EGU23-10223, updated on 26 Feb 2023
https://doi.org/10.5194/egusphere-egu23-10223
EGU General Assembly 2023
© Author(s) 2023. This work is distributed under
the Creative Commons Attribution 4.0 License.

Identifying and Describing Billions of Objects: an Architecture to Tackle the Challenges of Volume, Variety, and Variability

Jens Klump1, Doug Fils2, Anusuriya Devaraju1, Sarah Ramdeen3, Jesse Robertson4, Lesley Wyborn5, and Kerstin Lehnert6
Jens Klump et al.
  • 1CSIRO, Mineral Resources, Kensington WA, Australia (jens.klump@csiro.au)
  • 2Ocean Leadership, Washington D.C., USA
  • 3Ronin Institute for Independent Scholarship
  • 4Ministry of Business, Innovation & Employment, Wellington, New Zealand
  • 5Australian National University, Canberra ACT, Australia
  • 6Lamont-Doherty Earth Observatory, Columbia University, Palisades NY, USA

Persistent identifiers are applied to an ever-increasing diversity of research objects, including data, software, samples, models, people, instruments, grants, and projects. There is a growing need to apply identifiers at a finer and finer granularity.

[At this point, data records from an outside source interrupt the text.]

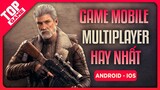 Top Game Mobile Multiplayer Nhiều Người Cùng Chơi Hay Nhất 2021 | Game Free, Đồ Họa Đẹp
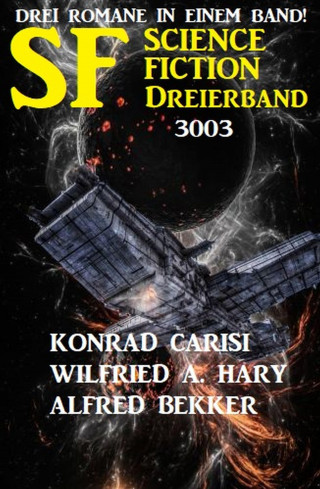 Alfred Bekker, Wilfried A. Hary, Konrad Carisi: Science Fiction Dreierband 3003 - 3 Romane in einem Band!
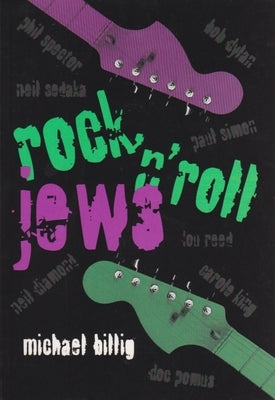 Rock 'n' Roll Jews by Billig, Michael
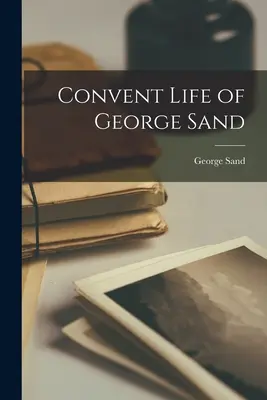 La vida conventual de George Sand - Convent Life of George Sand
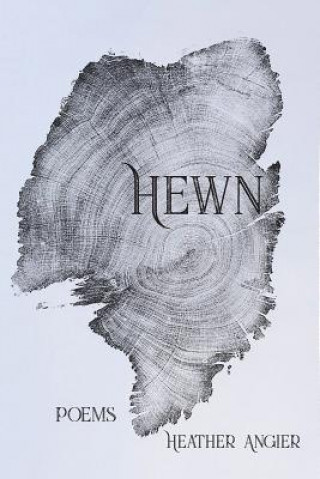 Kniha Hewn Heather Angier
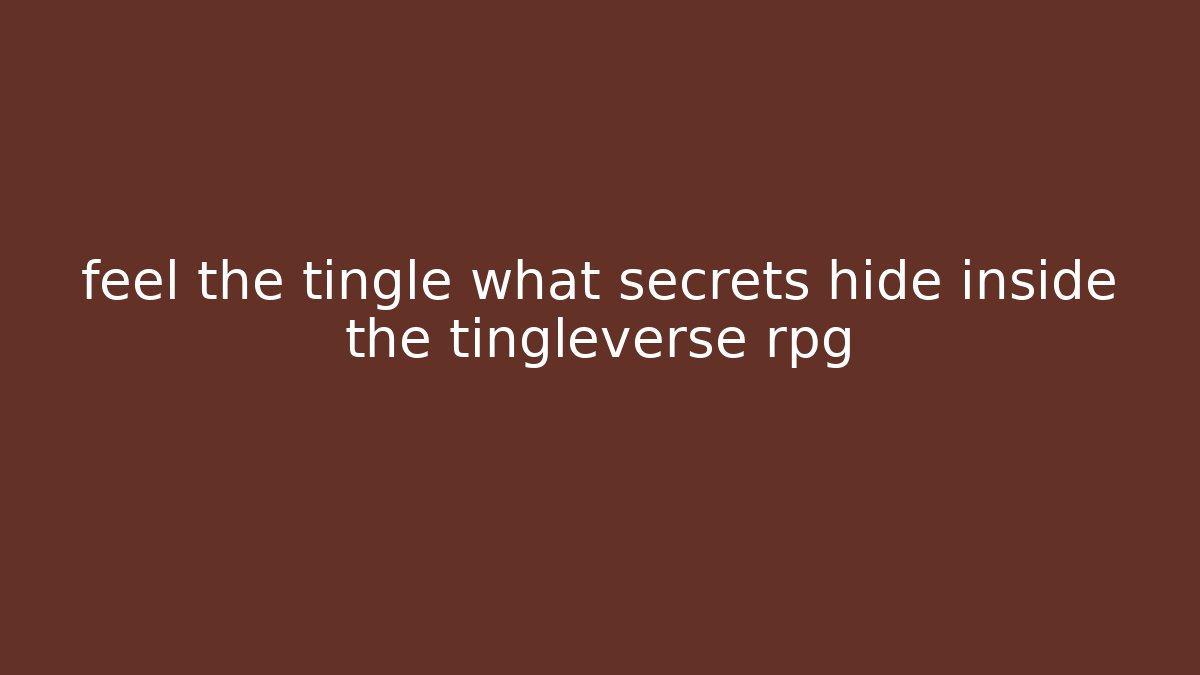 feel the tingle what secrets hide inside the tingleverse rpg - The Family Holidays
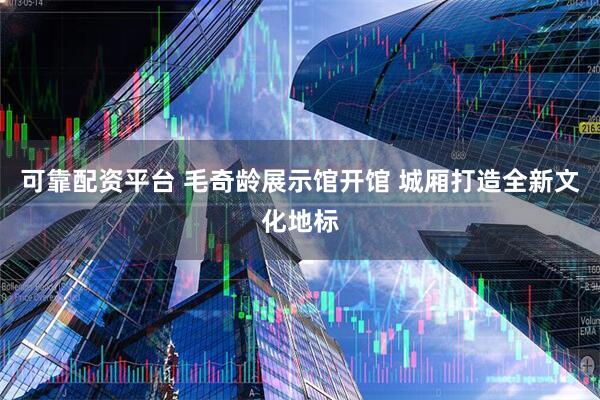 可靠配资平台 毛奇龄展示馆开馆 城厢打造全新文化地标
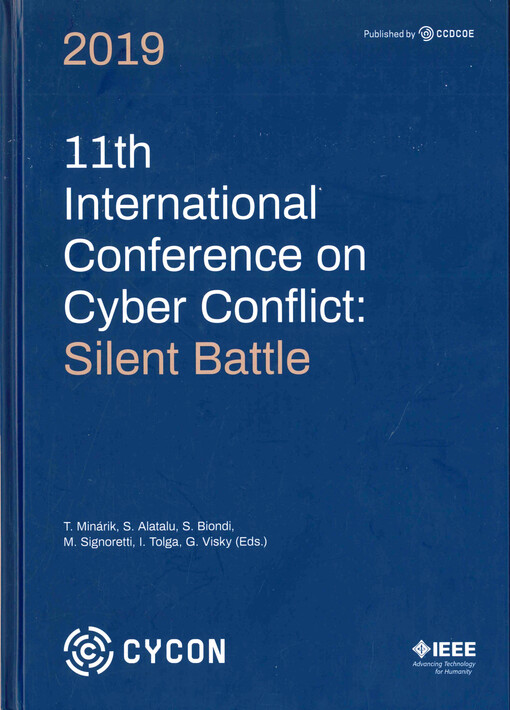 11th international conference on cyber conflict: silent battle : CYCON : 28 May-31 May 2019, Tallinn, Estonia
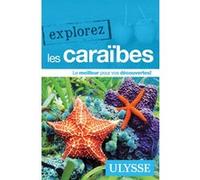 Collectif Ulysse – Explorez les Caraïbes – Ulysse Guide de voyage – Broché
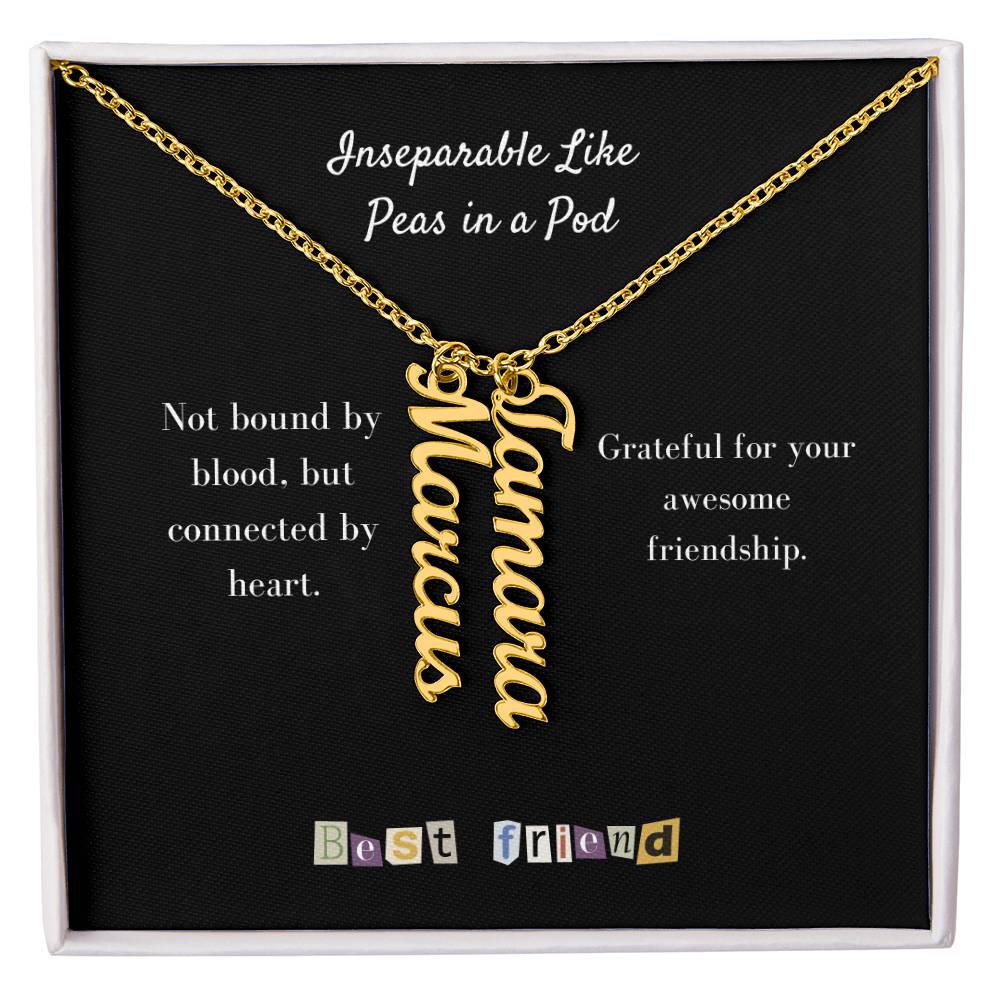 To My Friend | Personalized Vertical Name Necklace | Let's hold on fast to what we have going on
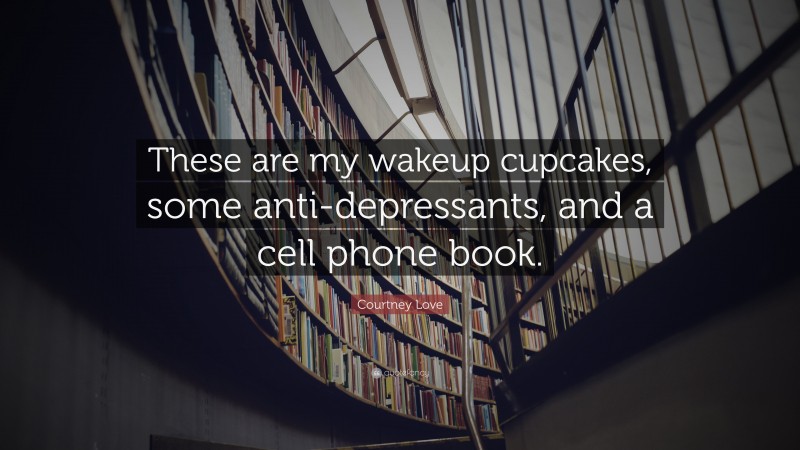 Courtney Love Quote: “These are my wakeup cupcakes, some anti-depressants, and a cell phone book.”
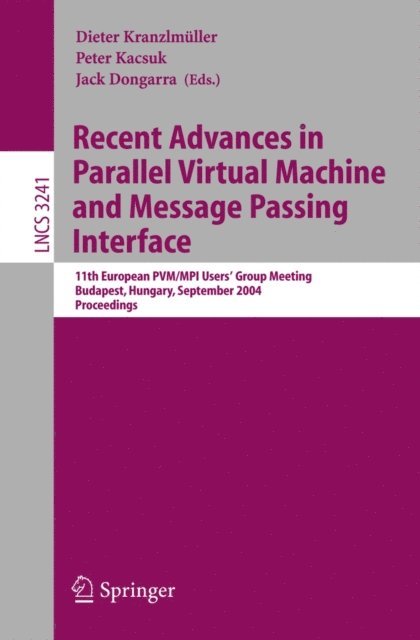 Jack Dongarra, Peter Kacsuk, Dieter Kranzlmuller - Recent Advances in Parallel Virtual Machine and Message Passing Interface, E-bok
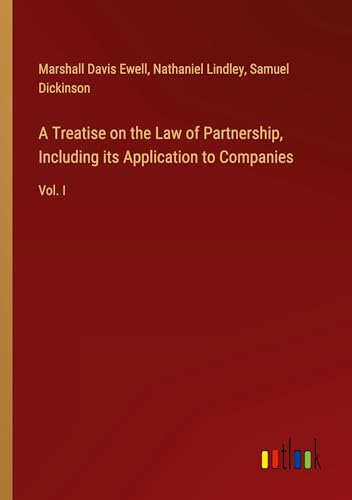 A Treatise on the Law of Partnership, Including its Application to Companies: Vol. I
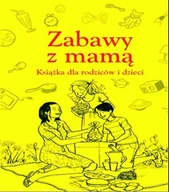 Miłość, seks, związki - Zabawy z mamą - miniaturka - grafika 1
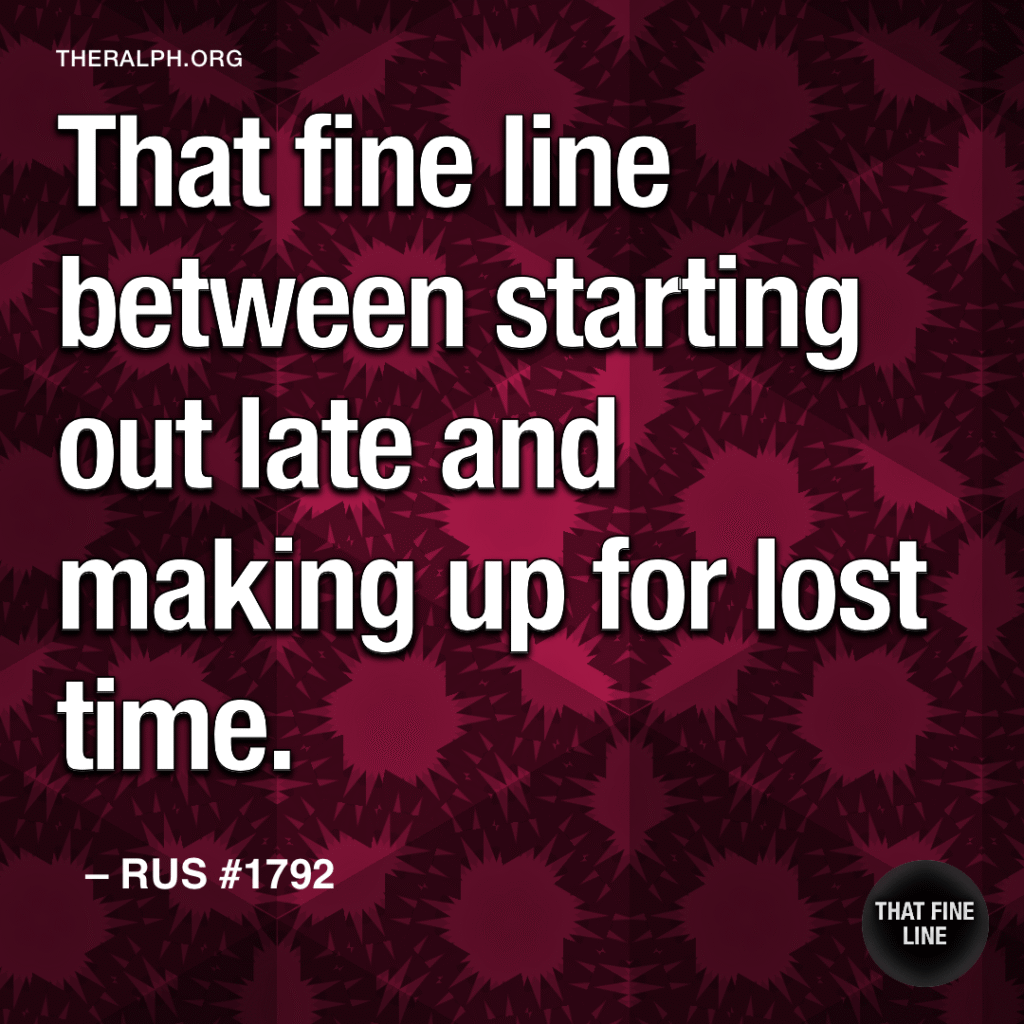 That fine line between starting out late and making up for lost time.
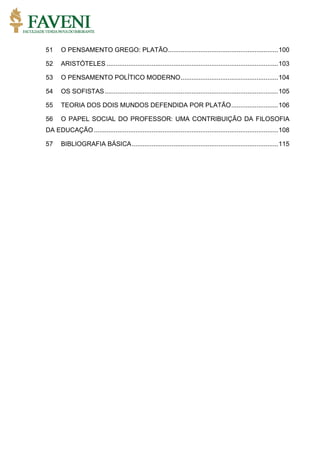 51 O PENSAMENTO GREGO: PLATÃO.............................................................100
52 ARISTÓTELES ...............................................................................................103
53 O PENSAMENTO POLÍTICO MODERNO......................................................104
54 OS SOFISTAS................................................................................................105
55 TEORIA DOS DOIS MUNDOS DEFENDIDA POR PLATÃO..........................106
56 O PAPEL SOCIAL DO PROFESSOR: UMA CONTRIBUIÇÃO DA FILOSOFIA
DA EDUCAÇÃO......................................................................................................108
57 BIBLIOGRAFIA BÁSICA.................................................................................115
 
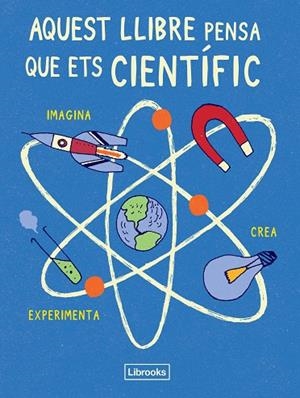 AQUEST LLIBRE PENSA QUE ETS CIENTIFIC | 9788494509513 | LONDON SCIENCE MUSEUM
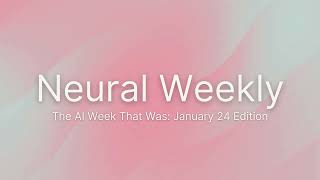 Neural Weekly | The AI Week That Was January 24 Edition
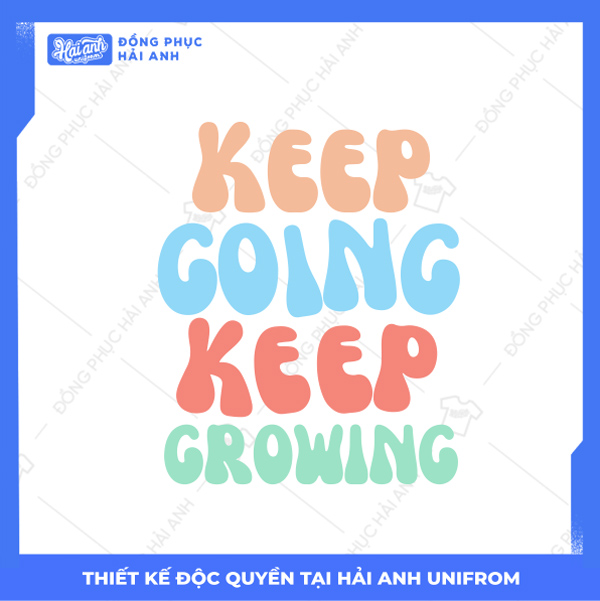Mẫu Hình In Groovy Keep Going Keep Growing 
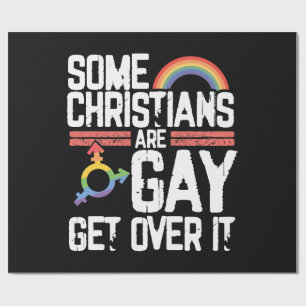 Papel De Presente Alguns Cristãos São Gays Supere Isso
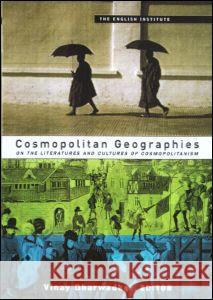 Cosmopolitan Geographies: New Locations in Literature and Culture Vinay Dharwadker 9780415925068 Routledge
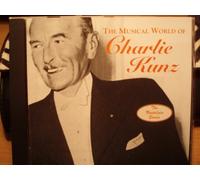 Charlie Kunz - The Musical World of Charlie Kunz
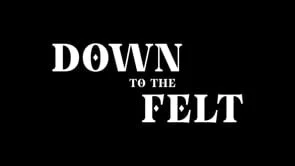 DOWN TO THE FELT Teaser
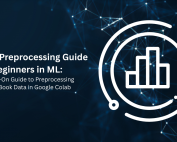 Data Preprocessing Guide for Beginners in ML
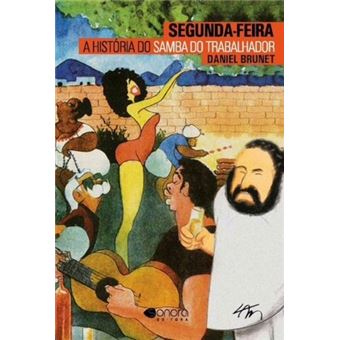 Segunda-Feira. A História do Samba do Trabalhador - 1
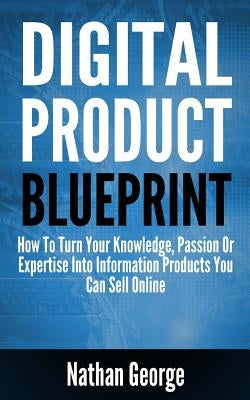 Digital Product Blueprint: How to Turn Your Knowledge, Passion or Expertise Into Information Products You Can Sell Online by George, Nathan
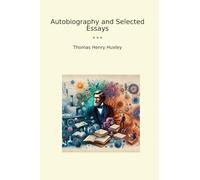 Autobiography and Selected Essays (Classic Books)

The systems developed over two decades ago to manage identifiers and the metadata describing the identified objects struggle with this increase in scale. Communities working with physical samples have grappled with these challenges of the increasing volume, variety, and variability of identified objects for many years. To address this dual challenge, the IGSN 2040 project explored how metadata and catalogues for physical samples could be shared at the scale of billions of samples across an ever-growing variety of users and disciplines. This presentation outlines how identifiers and their describing metadata can be scaled to billions of objects. In addition, it analyses who the actors involved with this system are and what their requirements are. This analysis resulted in the definition of a minimum viable product and the design of an architecture that addresses the challenges of increasing volume and variety. The system is also easy to implement because it reuses commonly used Web components. Our solution is based on a Web architectural model that utilises Schema.org, JSON-LD and sitemaps. Applying these commonly used architectural patterns on the internet allows us not only to handle increasing volume, variety and variability but also enable better compliance with the FAIR Guiding Principles.

How to cite: Klump, J., Fils, D., Devaraju, A., Ramdeen, S., Robertson, J., Wyborn, L., and Lehnert, K.: Identifying and Describing Billions of Objects: an Architecture to Tackle the Challenges of Volume, Variety, and Variability, EGU General Assembly 2023, Vienna, Austria, 24–28 Apr 2023, EGU23-10223, https://doi.org/10.5194/egusphere-egu23-10223, 2023.